National Editor Tom Karst
National Editor Tom Karst

I read with interest that the frozen food industry is planning a “makeover” ad campaign designed to warm consumer perceptions of their products.

Why does frozen food need this “makeover”?

Consider Wendy’s tagline for its burgers: “Fresh, never frozen.” When a fast food restaurant creates an ad that encourages consumers’ chilly attitudes toward frozen, public relations professionals are about to earn a big payday.

From the report in NPR’s “Salt” blog,  we find that frozen food manufacturers are “alarmed” that the U.S. public equates fresh with healthy.

One nutritionist with Con-Agra Food confided in the story that what consumers think of as “fresh” in the supermarket is better thought of as “raw.”

But wait, there's more! Listen to this quote about fresh vegetables in the NPR blog from Kristin Reimers, a registered dietitian and manager of nutrition for ConAgra Foods. "A lot of times, those vegetables have been transported for days, and then sit. It could be a matter of weeks between when they're picked and consumed."

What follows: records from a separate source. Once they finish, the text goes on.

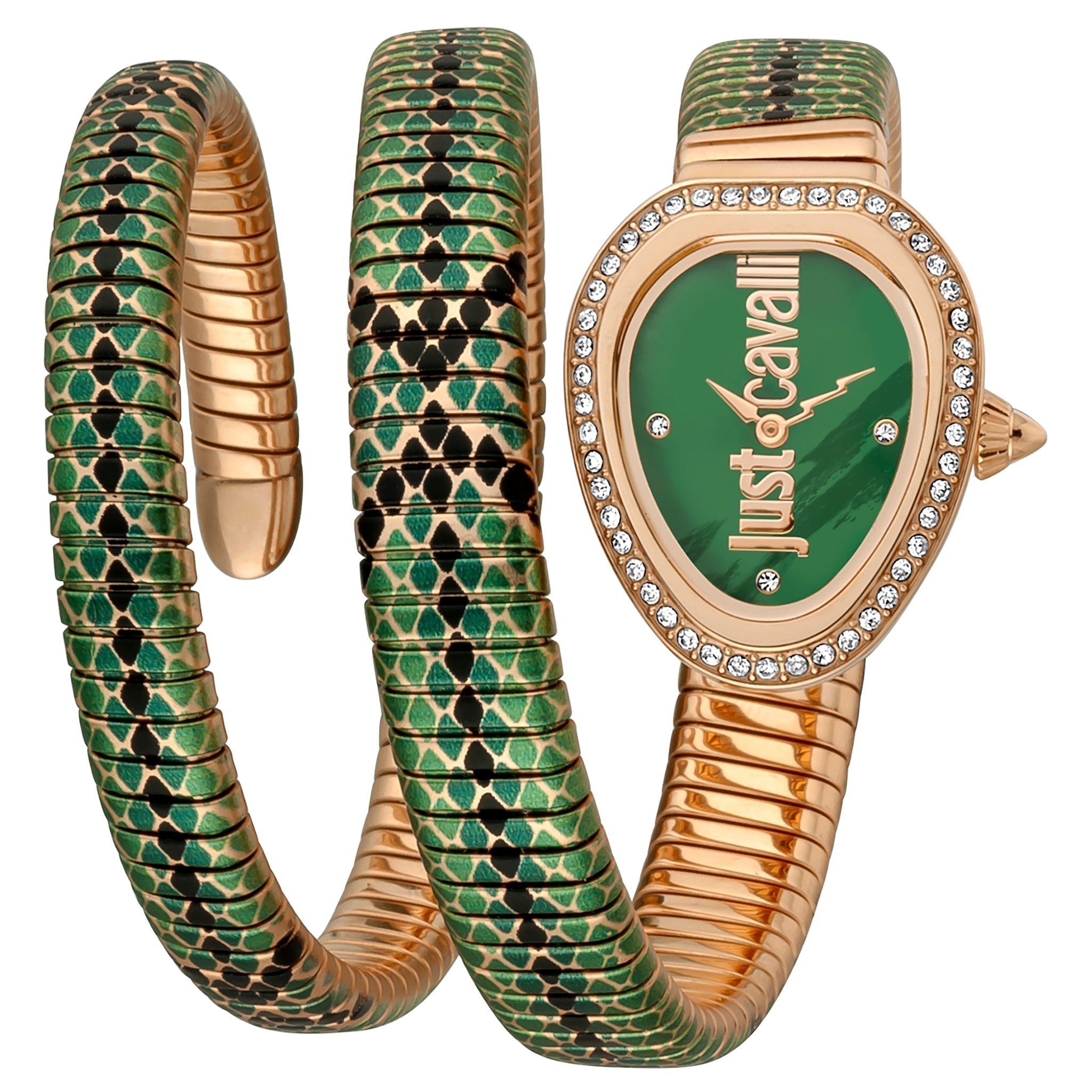 Just Cavalli Glam Snake Green Dial Multicolor Steel Strap Watch for Women - JC1L163M0265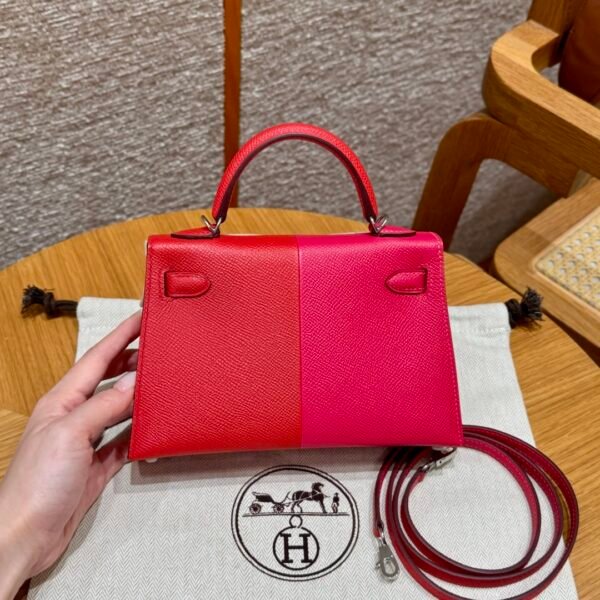 DDMode Hermes Mini Kelly Special Order Rose Extreme / Rogue Coeur / Blue Zanzibar Epsom Silver Hardware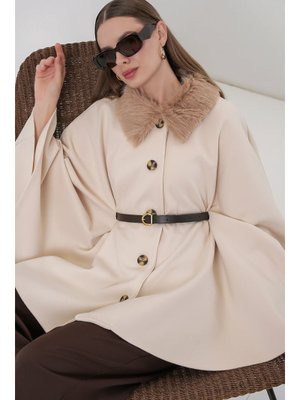 Krem Kemerli Kaşe Panço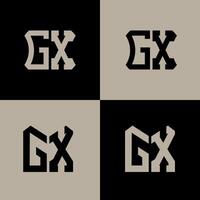 GX polygon, circle, hexagon, flat and simple letter logo set in one artboard. GX minimalist and classic logo. vector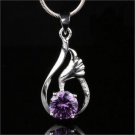 Fashion purple gemstone silver plated pendant + necklace ! Gift Jewelry & Love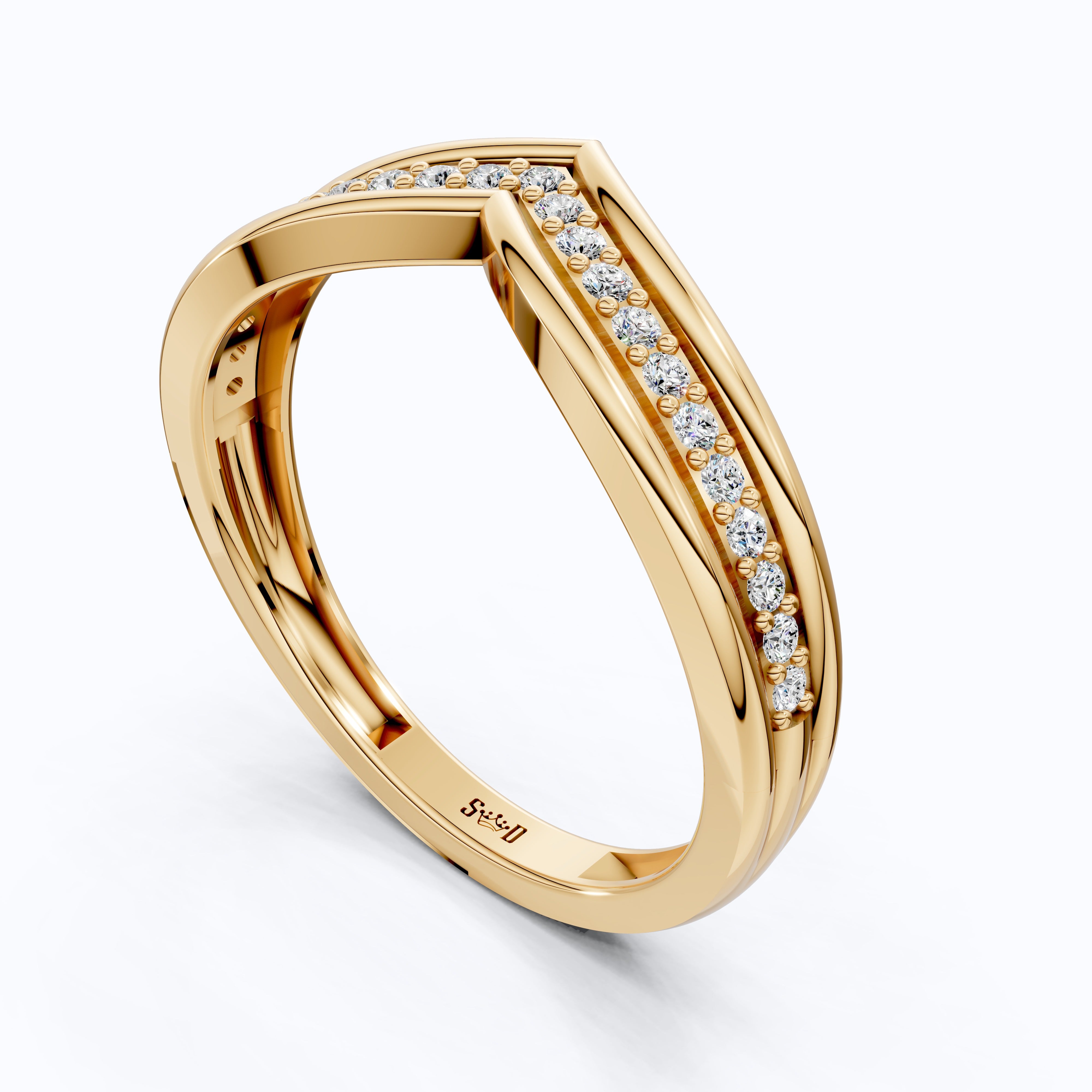 14K White Gold Curved Lab Diamond Band – Stackable Wedding Ring, Trending Bridal Gift for Her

Contrast the weeks-old “raw” veggies to what she called “nutrient-rich” frozen version and what right-thinking American wouldn’t lean to frozen?

Advertising Age has reported on a new prospective ad campaign that could approach $50 million by what is called the Frozen Food Roundtable. That group includes ConAgra, General Mills, Heinz, Kellogg and others.

In my view, the frozen food folks would like to blunt the effective appeal of “fresh” on U.S. consumers. Make no mistake, the fresh produce industry, which has been so generous to processors in the context of “all forms count” messaging – will be losers if they succeed.

 How should the fresh industry respond to this shot across the bow? This may be the time and opportunity for a "fresh only" collective promotion campaign for fruits and vegetables.